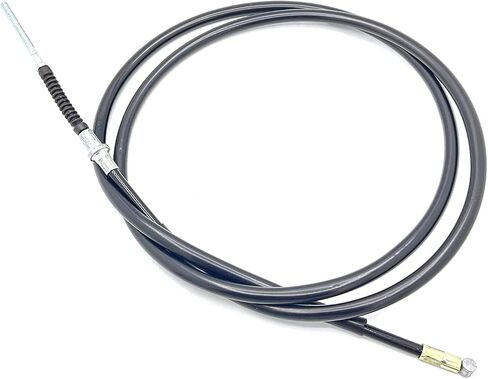 Cable Polaris Genuine OEM الخلفي الفرامل في 2008-2019 Sportsman Outlaw 90 110 0454015 in Saudi Arabia
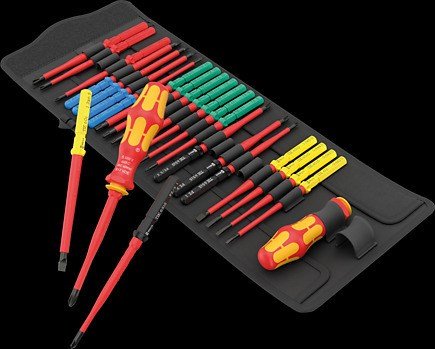 Wera Kraftform Kompakt VDE Big Pack 1 #3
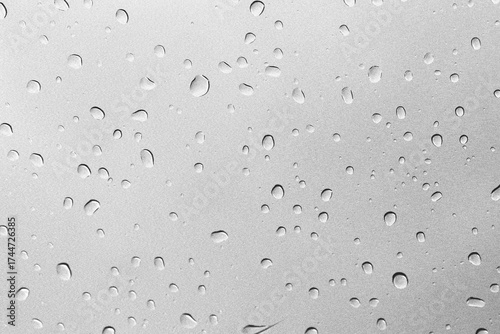 Wallpaper Mural PNG Raindrops on glass surface background droplets water. Torontodigital.ca
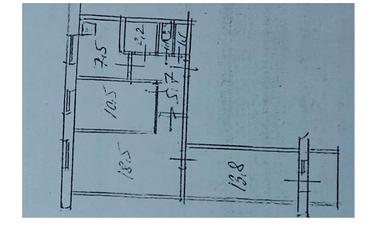 3-rooms apartment apartment by the address st. Ul Bakinskaya (area 62 m²) - Atlanta.ua - photo 18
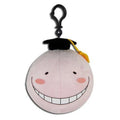 Assassination Classroom Pink Korosensei 4-Inch Key Chain
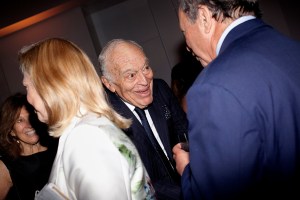 Leonard LauderThe Whitney Museum of American Art Annual Studio Party, Inside, New York, USA - 09 Apr 2019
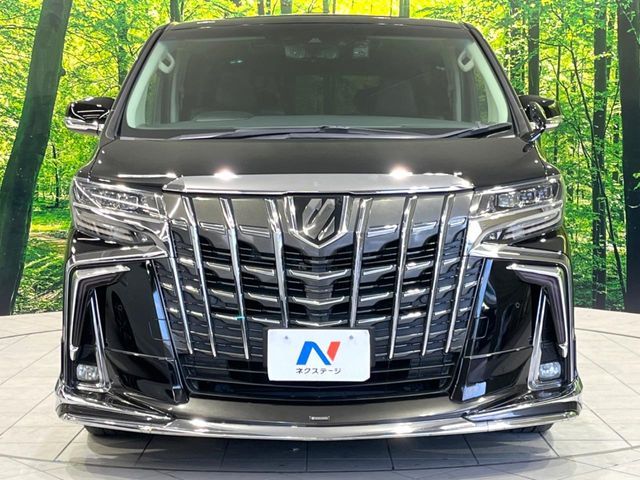TOYOTA ALPHARD 2019 Image 31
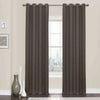 Eclipse Blackout Curtains for Bedroom - Kingston Insulated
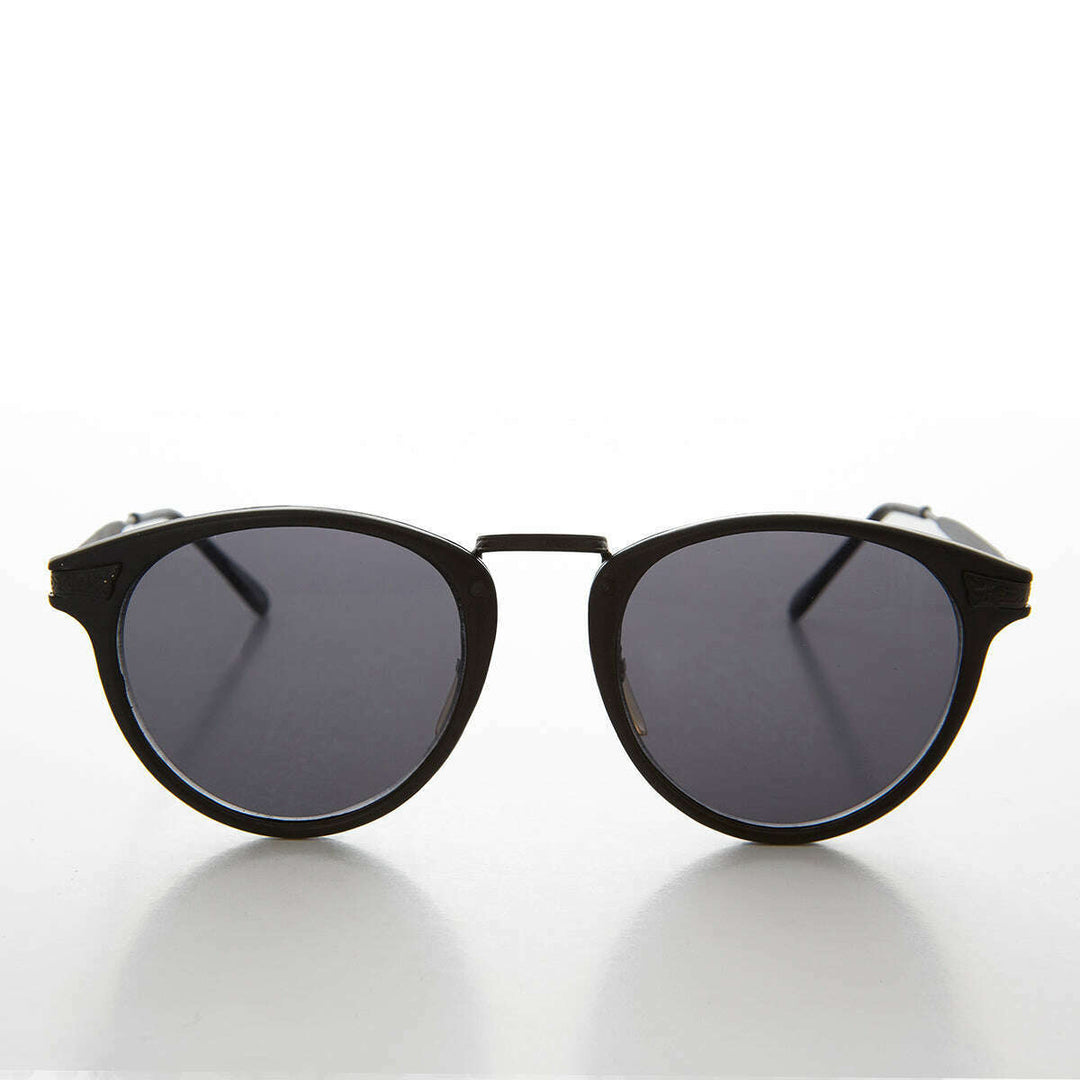 Preppy O'Malley 90s Vintage Sunglass - Dobby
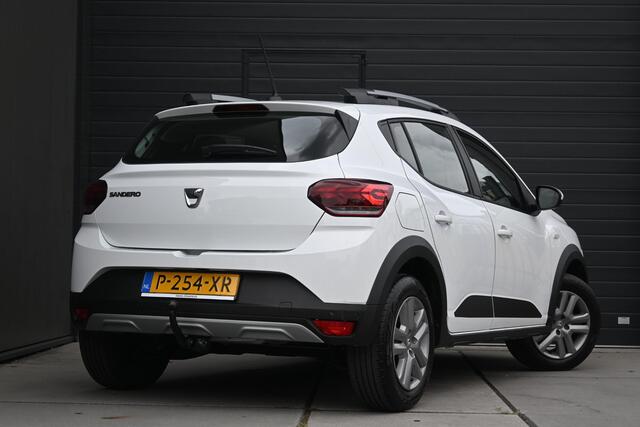 Dacia SANDERO Stepway TCe 90 Comfort | TREKHAAK | CAMERA | CRUISE CONTROL | AIRCO | PDC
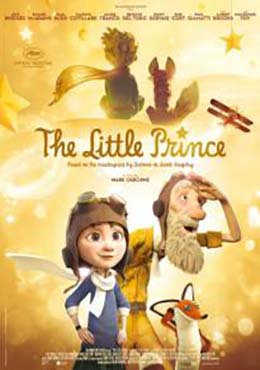 ดูหนังออนไลน์ The Little Prince (2015) เจ้าชายน้อย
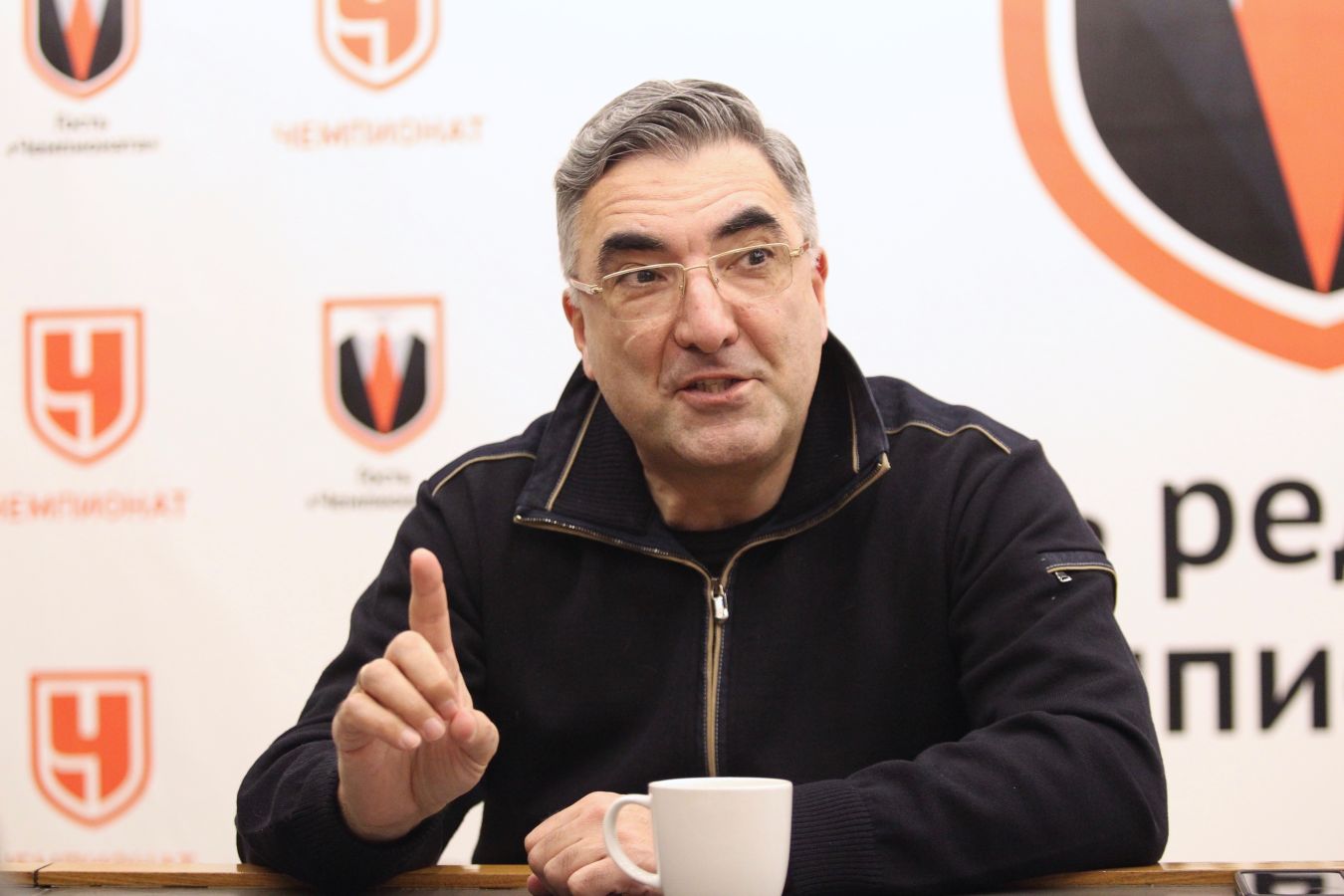 Леонид Вайсфельд прокомментировал отмену гола ЦСКА в матче с «Адмиралом»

= = = = =

Aim of the exercise
Could the material above be written out again word for word, with the pictures dropped?

Reply
 Cable Polaris Genuine OEM الخلفي الفرامل في 2008-2019 Sportsman Outlaw 90 110 0454015 in Saudi Arabia
 Wera Kraftform Kompakt VDE Big Pack 1 #3
 Wallpaper Mural PNG Raindrops on glass surface background droplets water. Torontodigital.ca
 3-rooms apartment apartment by the address st. Ul Bakinskaya (area 62 m²) - Atlanta.ua - photo 18
 Assassination Classroom Pink Korosensei 4-Inch Key Chain
 Leonard LauderThe Whitney Museum of American Art Annual Studio Party, Inside, New York, USA - 09 Apr 2019
TOYOTA ALPHARD 2019 Image 31
 Eclipse Blackout Curtains for Bedroom - Kingston Insulated
 Preppy O'Malley 90s Vintage Sunglass - Dobby
 Dacia SANDERO Stepway TCe 90 Comfort | TREKHAAK | CAMERA | CRUISE CONTROL | AIRCO | PDC
 ดูหนังออนไลน์ The Little Prince (2015) เจ้าชายน้อย
 Леонид Вайсфельд прокомментировал отмену гола ЦСКА в матче с «Адмиралом»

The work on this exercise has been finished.